Stanley reportedly went from about $70 million in sales in 2019 to $750 million in 2023, riding the coattails of its tumbler cups' success. But the difference for Stanley was clearly Reilly, not the tumblers themselves.
Consider that Stanley Tumblers launched in 2016 and flopped. But under Reilly's leadership, the brand brought the cups back and used social media influence to market to an entirely new female demographic. This included swapping 100-year-old brand colors for new pastel colors. The plan clearly worked.

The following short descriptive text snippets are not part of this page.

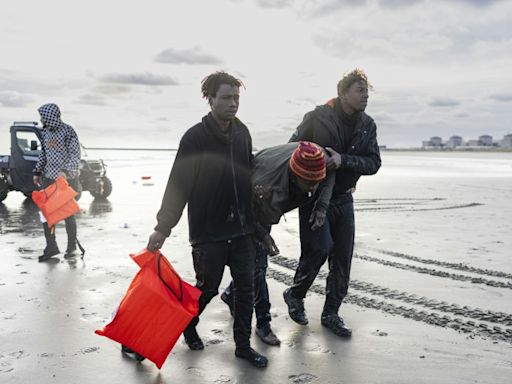 Entre lágrimas y rabia, migrantes intentan cruzar a Reino Unido desde una playa francesa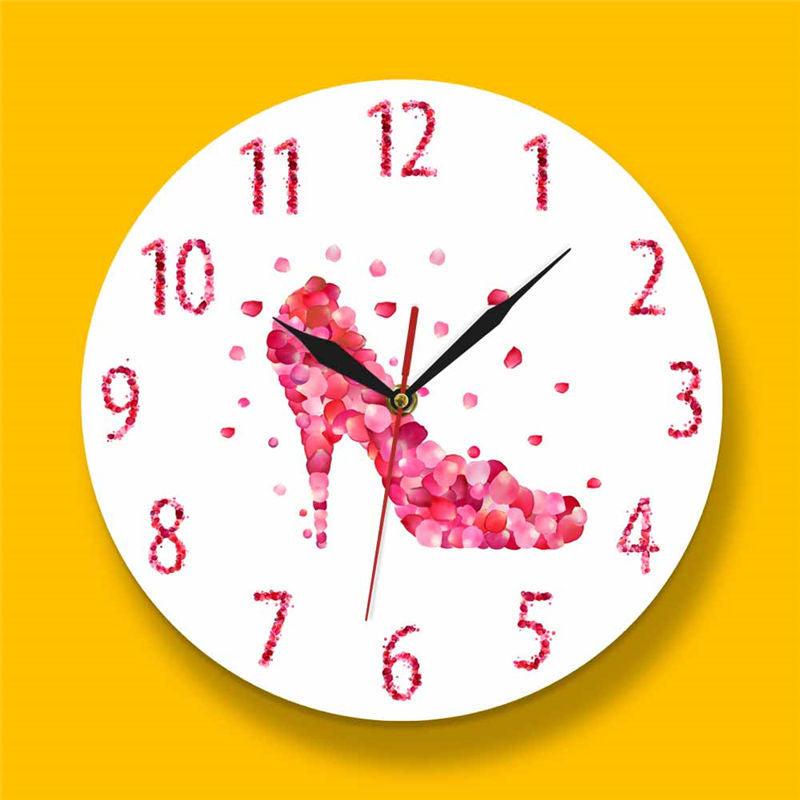Orologio da parete Scarpa petali rosa
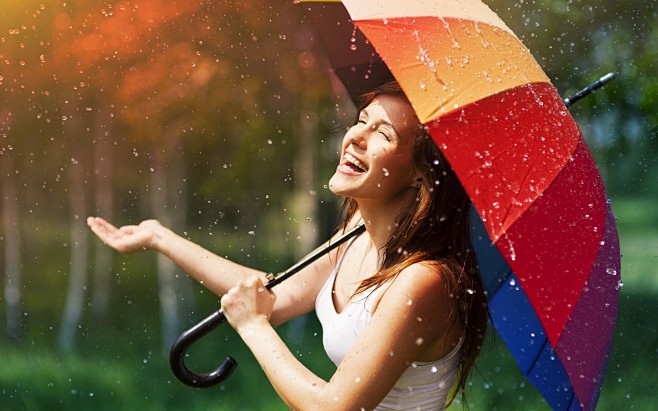 com 多年以后,你是否还记得,那个雨天,为你打伞,遮风挡雨的人?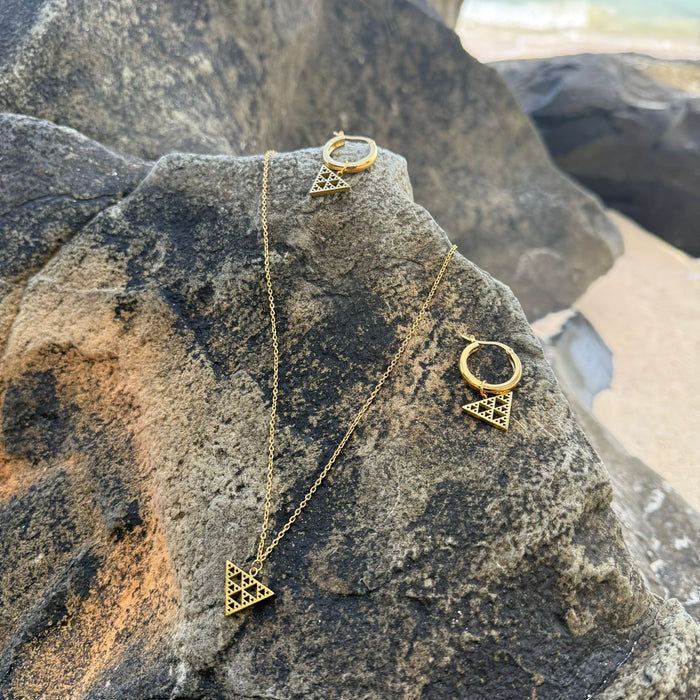18ct Gold Plated Niho Earring and Pendant Set
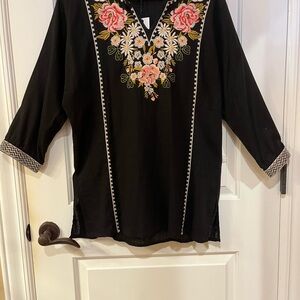 NWT Parparazzi Brand black tunic top. Medium.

As it turns out, Stanley wasn't Reilly's first rodeo. Previously, he was one of the architects who turned clog-style shoe company Crocs (NASDAQ: CROX) into a popular brand. So clearly Reilly has a gift when it comes to marketing products. The good news for Crocs' shareholders is that he's now back with the company and tasked with leading what's perhaps the company's largest opportunity.

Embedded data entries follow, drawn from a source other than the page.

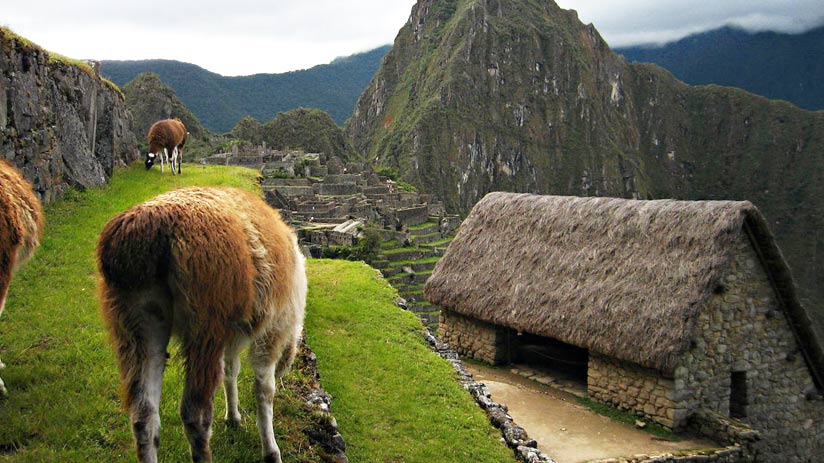 guided tour to machu picchu hike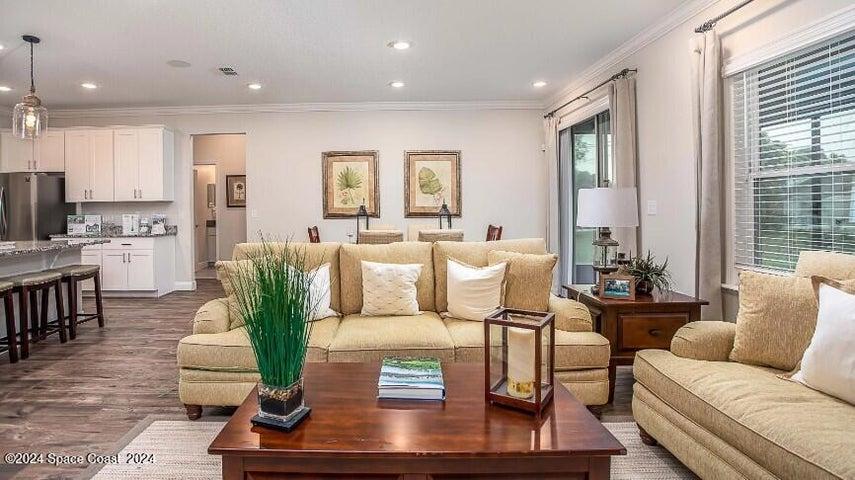 Model Home - Actual features may vary.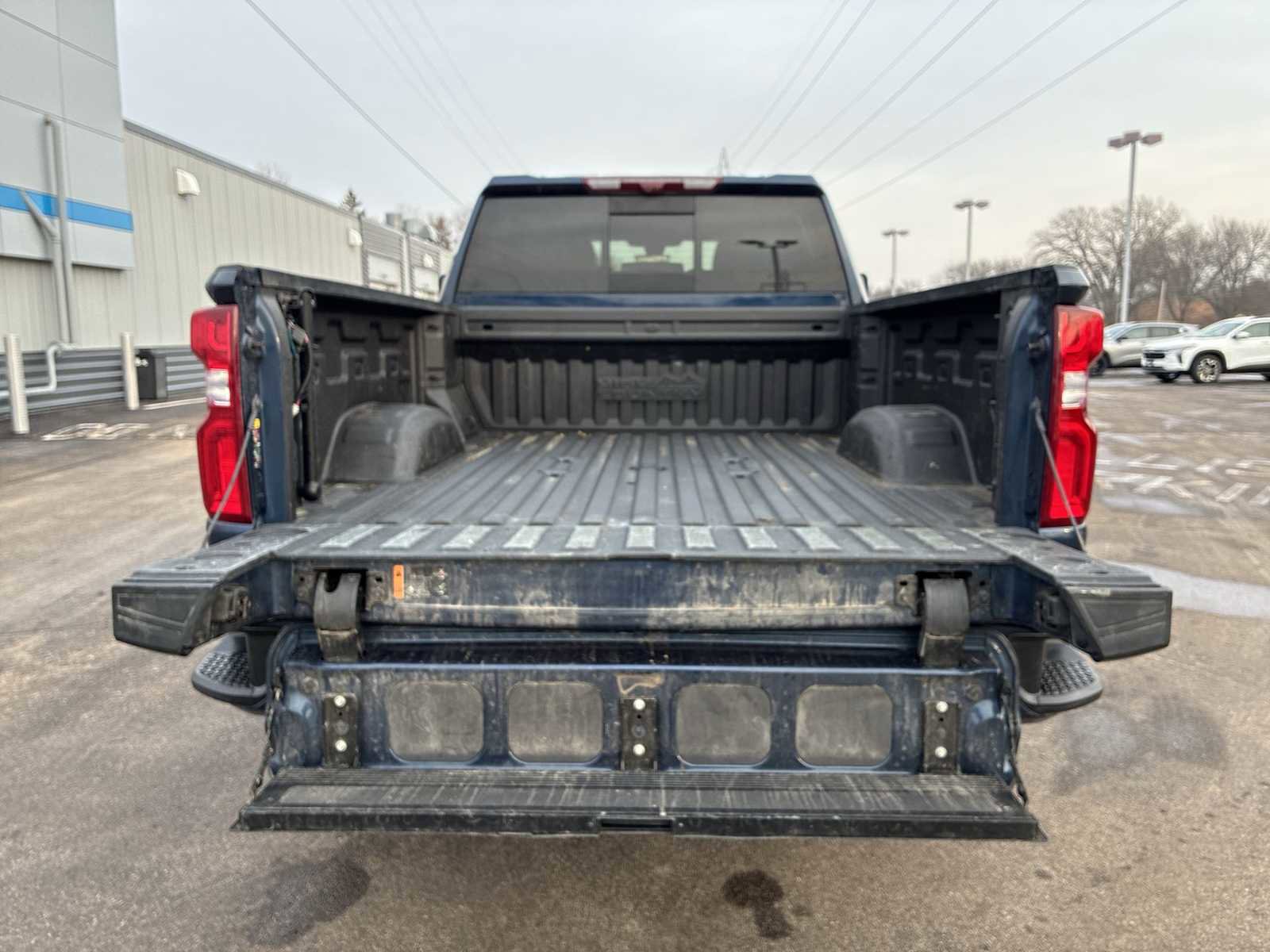 Used 2023 Chevrolet Silverado 2500 High Country w/ Z71 Off-Road Package image 27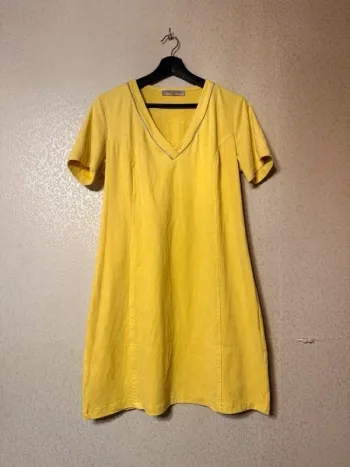 Robe jaune Charming Girl – décolleté en V – Taille M/L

Crocs' virtuoso comes home
On April 16, Crocs announced that it had appointed Terence Reilly as its president for its HEYDUDE shoe brand. In the press release, CEO Andrew Rees said: "I am confident he is the right person to lead the HEYDUDE Brand into its next phase of growth."
Crocs acquired the HEYDUDE brand in February 2022 for $2.5 billion, taking on a $2 billion loan to do it. It hasn't necessarily been a bad acquisition per se, but it hasn't exactly been a resounding success either.

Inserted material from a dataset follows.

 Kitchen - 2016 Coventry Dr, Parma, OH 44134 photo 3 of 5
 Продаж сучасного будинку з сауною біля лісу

In 2021, HEYDUDE generated around $600 million in annual revenue. In 2023, the brand had revenue of $949 million. Therefore, it's grown under Crocs' umbrella. That said, HEYDUDE's revenue slipped 4% year over year in 2023 (on a pro forma basis), which is concerning.
The slip in HEYDUDE's revenue is concerning for another reason. One of the reasons Crocs stock is up more than 300% in the last five years is because the company has some of the best operating profit margins in the shoe business. In 2023, the adjusted operating margin for the Crocs brand took another step forward, from 33% in 2022 to over 36% in 2023. In contrast, HEYDUDE's adjusted operating margin fell from 31% to 25%.
Therefore, not only are sales falling for HEYDUDE, it's also getting less profitable. This could suggest that the brand is losing its place in the market, and it's consequently not able to price its products where it wants.